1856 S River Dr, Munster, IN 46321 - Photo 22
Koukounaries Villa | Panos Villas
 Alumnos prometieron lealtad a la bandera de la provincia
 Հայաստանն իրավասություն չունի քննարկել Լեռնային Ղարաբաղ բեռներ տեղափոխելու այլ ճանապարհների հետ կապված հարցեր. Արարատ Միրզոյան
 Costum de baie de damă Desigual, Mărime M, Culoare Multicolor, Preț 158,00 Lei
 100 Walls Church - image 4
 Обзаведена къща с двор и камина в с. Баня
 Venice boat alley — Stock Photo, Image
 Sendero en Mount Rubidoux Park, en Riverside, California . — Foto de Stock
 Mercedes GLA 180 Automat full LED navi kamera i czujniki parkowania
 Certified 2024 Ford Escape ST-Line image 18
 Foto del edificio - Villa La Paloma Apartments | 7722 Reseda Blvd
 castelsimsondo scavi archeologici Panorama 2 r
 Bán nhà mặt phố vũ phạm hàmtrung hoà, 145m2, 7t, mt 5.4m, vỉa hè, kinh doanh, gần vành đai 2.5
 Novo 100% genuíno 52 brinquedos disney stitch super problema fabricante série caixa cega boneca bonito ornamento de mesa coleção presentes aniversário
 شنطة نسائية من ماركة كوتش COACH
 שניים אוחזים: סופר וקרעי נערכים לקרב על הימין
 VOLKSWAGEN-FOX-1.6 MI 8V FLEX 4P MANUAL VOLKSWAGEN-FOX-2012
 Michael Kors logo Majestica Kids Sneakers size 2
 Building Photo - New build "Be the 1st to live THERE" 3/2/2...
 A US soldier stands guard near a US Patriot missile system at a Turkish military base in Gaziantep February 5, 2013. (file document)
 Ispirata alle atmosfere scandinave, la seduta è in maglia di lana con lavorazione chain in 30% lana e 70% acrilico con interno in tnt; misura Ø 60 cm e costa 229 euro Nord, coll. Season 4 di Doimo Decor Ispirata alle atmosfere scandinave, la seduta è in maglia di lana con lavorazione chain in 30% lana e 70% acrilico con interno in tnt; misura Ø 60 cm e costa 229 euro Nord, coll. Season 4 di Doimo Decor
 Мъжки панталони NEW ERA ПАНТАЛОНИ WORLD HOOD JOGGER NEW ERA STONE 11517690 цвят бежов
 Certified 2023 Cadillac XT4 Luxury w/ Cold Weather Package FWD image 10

---*---

To do: Each line of the data needs to be repeated exactly.

Exercise response:
1856 S River Dr, Munster, IN 46321 - Photo 22
Koukounaries Villa | Panos Villas
 Alumnos prometieron lealtad a la bandera de la provincia
 Հայաստանն իրավասություն չունի քննարկել Լեռնային Ղարաբաղ բեռներ տեղափոխելու այլ ճանապարհների հետ կապված հարցեր. Արարատ Միրզոյան
 Costum de baie de damă Desigual, Mărime M, Culoare Multicolor, Preț 158,00 Lei
 100 Walls Church - image 4
 Обзаведена къща с двор и камина в с. Баня
 Venice boat alley — Stock Photo, Image
 Sendero en Mount Rubidoux Park, en Riverside, California . — Foto de Stock
 Mercedes GLA 180 Automat full LED navi kamera i czujniki parkowania
 Certified 2024 Ford Escape ST-Line image 18
 Foto del edificio - Villa La Paloma Apartments | 7722 Reseda Blvd
 castelsimsondo scavi archeologici Panorama 2 r
 Bán nhà mặt phố vũ phạm hàmtrung hoà, 145m2, 7t, mt 5.4m, vỉa hè, kinh doanh, gần vành đai 2.5
 Novo 100% genuíno 52 brinquedos disney stitch super problema fabricante série caixa cega boneca bonito ornamento de mesa coleção presentes aniversário
 شنطة نسائية من ماركة كوتش COACH
 שניים אוחזים: סופר וקרעי נערכים לקרב על הימין
 VOLKSWAGEN-FOX-1.6 MI 8V FLEX 4P MANUAL VOLKSWAGEN-FOX-2012
 Michael Kors logo Majestica Kids Sneakers size 2
 Building Photo - New build "Be the 1st to live THERE" 3/2/2...
 A US soldier stands guard near a US Patriot missile system at a Turkish military base in Gaziantep February 5, 2013. (file document)
 Ispirata alle atmosfere scandinave, la seduta è in maglia di lana con lavorazione chain in 30% lana e 70% acrilico con interno in tnt; misura Ø 60 cm e costa 229 euro Nord, coll. Season 4 di Doimo Decor Ispirata alle atmosfere scandinave, la seduta è in maglia di lana con lavorazione chain in 30% lana e 70% acrilico con interno in tnt; misura Ø 60 cm e costa 229 euro Nord, coll. Season 4 di Doimo Decor
 Мъжки панталони NEW ERA ПАНТАЛОНИ WORLD HOOD JOGGER NEW ERA STONE 11517690 цвят бежов
 Certified 2023 Cadillac XT4 Luxury w/ Cold Weather Package FWD image 10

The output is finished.